La poussée de partis que l’on peut qualifier de « nationaux-populistes », dans des pays dont les profils économiques divergent sensiblement, montre les limites d’une approche exclusivement socio-économique de la question. L’Autriche n’est pas un pays bousculé par une grave crise financière, en proie à de graves taux de chômage. Pourtant, de longue date déjà, une partie de l’électorat vote pour ce type de parti (on laissera de côté les métamorphoses du FPÖ). A ce propos, rappelons que la Suisse, riche et prospère, est également marquée par le national-populisme. D’aucuns y agrégeront la CSU bavaroise (d’ailleurs dépassée sur sa droite par l’AfD), pour mettre en évidence les caractéristiques propres à une Europe alpine, attachée au culte de la « petite patrie » (« Heimat »). En vérité, le phénomène est ample et traverse l’Europe ; il montre l’importance des données ethnoculturelles et la volonté partagée de préserver son identité, plus encore si elle est incertaine et malmenée, dans un monde bouleversé, en proie à une sorte de « révolution permanente ». Ces données et aspirations sont mal prises en compte par la science politique et son quantitativisme, voire son nihilisme si l’on en croit le grand philosophe Leo Strauss. Toute à ses CSP et inégalités de revenus, la science politique est tentée de bannir purement et simplement la dimension ethnoculturelle des phénomènes qu’elle croise, au prétexte qu’il s’agirait de simples constructions idéologiques, modelables à volonté.
L’accroissement des migrations, de plus en plus visibles pour le commun des mortels, ainsi que l’augmentation de la distance ethnoculturelle entre populations résidentes et nouveaux arrivants provoquent des chocs en retour. Au vrai, comment s’en étonner ? Quoique l’on en dise, la chose est sans précédent historique, tout comme l’accroissement démographique mondial. Et la « poussée » de l’Afrique subsaharienne, les craquements du Moyen-Orient dont le sort de la Syrie donne quelque idée, ou encore les conséquences des changements climatiques dans certaines zones du monde, devraient amplifier le phénomène migratoire.
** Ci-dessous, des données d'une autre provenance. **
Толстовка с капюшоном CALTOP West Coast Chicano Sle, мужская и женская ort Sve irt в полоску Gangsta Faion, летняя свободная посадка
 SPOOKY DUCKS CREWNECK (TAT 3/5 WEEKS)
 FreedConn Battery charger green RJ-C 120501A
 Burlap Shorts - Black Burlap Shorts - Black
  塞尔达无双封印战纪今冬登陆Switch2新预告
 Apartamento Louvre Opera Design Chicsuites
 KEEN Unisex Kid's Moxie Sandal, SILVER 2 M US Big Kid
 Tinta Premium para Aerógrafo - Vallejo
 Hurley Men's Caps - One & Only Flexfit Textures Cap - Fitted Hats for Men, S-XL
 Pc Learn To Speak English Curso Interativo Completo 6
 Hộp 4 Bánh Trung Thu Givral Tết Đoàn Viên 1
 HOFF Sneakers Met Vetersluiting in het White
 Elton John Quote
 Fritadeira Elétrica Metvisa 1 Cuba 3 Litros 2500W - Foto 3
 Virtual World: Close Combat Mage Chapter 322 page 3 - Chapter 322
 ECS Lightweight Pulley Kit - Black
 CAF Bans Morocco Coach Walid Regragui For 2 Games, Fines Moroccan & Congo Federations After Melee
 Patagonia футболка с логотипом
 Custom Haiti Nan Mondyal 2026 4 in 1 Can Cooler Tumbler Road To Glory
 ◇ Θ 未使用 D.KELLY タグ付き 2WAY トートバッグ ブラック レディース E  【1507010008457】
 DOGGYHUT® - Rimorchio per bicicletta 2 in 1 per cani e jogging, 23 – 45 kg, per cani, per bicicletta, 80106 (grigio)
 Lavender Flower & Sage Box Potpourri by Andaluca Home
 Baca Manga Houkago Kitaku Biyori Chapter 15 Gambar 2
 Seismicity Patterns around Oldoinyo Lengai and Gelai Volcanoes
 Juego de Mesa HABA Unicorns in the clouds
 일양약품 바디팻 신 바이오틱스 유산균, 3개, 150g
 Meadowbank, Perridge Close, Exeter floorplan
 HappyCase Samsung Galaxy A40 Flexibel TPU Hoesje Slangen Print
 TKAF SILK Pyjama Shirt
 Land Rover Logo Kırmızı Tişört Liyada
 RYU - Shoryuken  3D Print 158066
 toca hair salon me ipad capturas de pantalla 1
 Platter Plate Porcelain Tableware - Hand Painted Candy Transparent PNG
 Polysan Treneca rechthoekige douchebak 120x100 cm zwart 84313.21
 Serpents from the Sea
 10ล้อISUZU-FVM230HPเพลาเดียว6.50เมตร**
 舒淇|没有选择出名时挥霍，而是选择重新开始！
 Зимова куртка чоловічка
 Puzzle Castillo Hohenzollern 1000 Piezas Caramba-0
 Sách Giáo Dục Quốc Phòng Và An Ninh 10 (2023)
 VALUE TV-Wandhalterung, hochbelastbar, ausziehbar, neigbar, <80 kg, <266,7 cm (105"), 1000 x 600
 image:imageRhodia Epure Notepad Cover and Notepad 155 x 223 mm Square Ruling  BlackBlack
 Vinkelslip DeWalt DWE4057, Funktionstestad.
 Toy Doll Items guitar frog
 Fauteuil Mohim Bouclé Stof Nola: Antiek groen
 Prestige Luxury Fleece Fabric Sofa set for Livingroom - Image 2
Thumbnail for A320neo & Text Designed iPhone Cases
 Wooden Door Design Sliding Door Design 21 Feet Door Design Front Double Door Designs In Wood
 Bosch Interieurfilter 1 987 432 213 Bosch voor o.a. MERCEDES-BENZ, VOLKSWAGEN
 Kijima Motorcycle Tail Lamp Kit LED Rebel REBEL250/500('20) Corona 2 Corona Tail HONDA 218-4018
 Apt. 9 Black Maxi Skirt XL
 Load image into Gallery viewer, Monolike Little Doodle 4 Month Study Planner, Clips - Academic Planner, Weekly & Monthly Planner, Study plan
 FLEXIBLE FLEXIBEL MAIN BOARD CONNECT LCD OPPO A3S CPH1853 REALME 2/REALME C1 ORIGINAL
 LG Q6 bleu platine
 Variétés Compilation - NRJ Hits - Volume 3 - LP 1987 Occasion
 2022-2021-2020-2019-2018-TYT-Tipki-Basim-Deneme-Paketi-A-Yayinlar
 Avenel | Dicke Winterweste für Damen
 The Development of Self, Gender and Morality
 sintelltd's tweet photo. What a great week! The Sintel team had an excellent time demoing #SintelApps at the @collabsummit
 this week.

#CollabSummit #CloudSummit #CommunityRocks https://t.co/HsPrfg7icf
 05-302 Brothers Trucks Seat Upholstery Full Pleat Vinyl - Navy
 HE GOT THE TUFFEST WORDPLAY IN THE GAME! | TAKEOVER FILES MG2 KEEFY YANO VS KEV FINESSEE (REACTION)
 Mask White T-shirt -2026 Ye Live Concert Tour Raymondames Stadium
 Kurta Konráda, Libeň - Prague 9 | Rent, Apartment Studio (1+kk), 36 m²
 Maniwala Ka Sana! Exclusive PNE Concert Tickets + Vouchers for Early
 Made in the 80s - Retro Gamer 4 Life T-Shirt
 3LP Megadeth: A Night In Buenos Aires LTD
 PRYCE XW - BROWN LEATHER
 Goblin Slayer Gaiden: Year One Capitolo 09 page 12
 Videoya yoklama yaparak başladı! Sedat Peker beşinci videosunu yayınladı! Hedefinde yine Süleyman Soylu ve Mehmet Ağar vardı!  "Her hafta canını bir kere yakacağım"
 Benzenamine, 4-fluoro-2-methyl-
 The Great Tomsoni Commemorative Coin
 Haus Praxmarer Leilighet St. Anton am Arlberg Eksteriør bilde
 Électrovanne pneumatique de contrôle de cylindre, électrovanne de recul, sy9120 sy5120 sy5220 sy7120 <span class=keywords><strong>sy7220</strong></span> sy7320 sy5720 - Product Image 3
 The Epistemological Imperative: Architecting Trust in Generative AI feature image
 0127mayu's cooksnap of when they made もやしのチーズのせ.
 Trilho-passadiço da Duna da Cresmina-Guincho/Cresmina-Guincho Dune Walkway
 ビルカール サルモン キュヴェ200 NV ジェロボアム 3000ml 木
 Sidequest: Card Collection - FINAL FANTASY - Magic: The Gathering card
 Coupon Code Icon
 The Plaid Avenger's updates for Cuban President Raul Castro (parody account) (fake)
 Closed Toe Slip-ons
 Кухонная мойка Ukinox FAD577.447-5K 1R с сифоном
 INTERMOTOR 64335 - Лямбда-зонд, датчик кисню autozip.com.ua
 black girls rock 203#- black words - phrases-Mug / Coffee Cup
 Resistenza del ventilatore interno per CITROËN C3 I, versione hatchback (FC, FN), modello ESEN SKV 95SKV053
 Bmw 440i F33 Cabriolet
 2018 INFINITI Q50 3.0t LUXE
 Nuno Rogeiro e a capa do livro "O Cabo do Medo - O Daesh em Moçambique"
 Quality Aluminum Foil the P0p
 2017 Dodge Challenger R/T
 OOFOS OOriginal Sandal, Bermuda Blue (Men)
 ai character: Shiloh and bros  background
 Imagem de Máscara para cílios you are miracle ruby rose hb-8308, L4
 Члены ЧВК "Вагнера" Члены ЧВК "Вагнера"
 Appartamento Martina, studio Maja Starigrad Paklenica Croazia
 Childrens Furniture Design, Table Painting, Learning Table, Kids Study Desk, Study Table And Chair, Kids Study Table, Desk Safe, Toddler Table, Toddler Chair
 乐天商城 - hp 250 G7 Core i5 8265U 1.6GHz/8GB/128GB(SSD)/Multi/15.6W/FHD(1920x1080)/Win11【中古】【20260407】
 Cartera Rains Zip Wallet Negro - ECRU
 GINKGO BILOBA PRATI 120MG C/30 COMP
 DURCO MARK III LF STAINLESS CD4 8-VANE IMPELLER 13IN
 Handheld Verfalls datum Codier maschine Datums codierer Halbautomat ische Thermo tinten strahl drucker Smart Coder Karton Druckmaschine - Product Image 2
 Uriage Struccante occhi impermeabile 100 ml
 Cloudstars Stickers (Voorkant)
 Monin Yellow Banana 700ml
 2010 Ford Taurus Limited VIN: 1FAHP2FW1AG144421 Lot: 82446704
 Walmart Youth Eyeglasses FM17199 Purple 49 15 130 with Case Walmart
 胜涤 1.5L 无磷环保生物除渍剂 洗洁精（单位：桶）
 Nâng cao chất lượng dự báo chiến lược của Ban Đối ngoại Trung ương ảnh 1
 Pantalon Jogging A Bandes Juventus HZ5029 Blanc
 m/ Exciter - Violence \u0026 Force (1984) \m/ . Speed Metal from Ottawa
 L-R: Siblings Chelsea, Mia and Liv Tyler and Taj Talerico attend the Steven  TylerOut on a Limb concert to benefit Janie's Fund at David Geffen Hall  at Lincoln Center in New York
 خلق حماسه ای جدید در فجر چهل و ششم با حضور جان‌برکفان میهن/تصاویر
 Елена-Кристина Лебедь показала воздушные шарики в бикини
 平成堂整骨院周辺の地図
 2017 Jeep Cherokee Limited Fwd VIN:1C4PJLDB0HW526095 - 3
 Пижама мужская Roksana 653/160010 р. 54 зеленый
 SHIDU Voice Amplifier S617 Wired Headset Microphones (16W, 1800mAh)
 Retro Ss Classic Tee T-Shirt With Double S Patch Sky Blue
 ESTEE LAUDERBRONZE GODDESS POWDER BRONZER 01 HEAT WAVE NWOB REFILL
En Europe et dans l’ensemble du monde occidental, les opinions publiques ont compris les tenants et aboutissants de la question. Et cela entraîne des chocs politiques. Tout cela dépasse infiniment la question européenne et l’on ne voit pas comment les Etats-nations pourraient, par leurs seules forces, reprendre le contrôle de la situation, si tant est que cela soit possible. Mais sur le plan mental, le cadre politique stato-national, bien souvent affirmé au détriment d’identités ethniques et régionales plus consistantes, est vu comme une solution de secours. On peut y voter, participer à la décision politique et faire connaître son refus d’un certain nombre d’évolutions. La question européenne a toujours « dépassé » les opinions publiques, comme bien des questions nationales d’ailleurs. Simplement, une grande part de ces opinions faisait globalement confiance à la classe politique, majoritairement acquise au projet européen. Ce n’est plus le cas et se traduit dans les urnes. Pourtant, les institutions nationales ne sont pas toujours plus « populaires » que les institutions européennes. Nous sommes dans une période de désinstitutionalisation et de désaffiliation qui fragilise toutes les autorités établies. C’est une tendance globale, un « trend » politico-culturel.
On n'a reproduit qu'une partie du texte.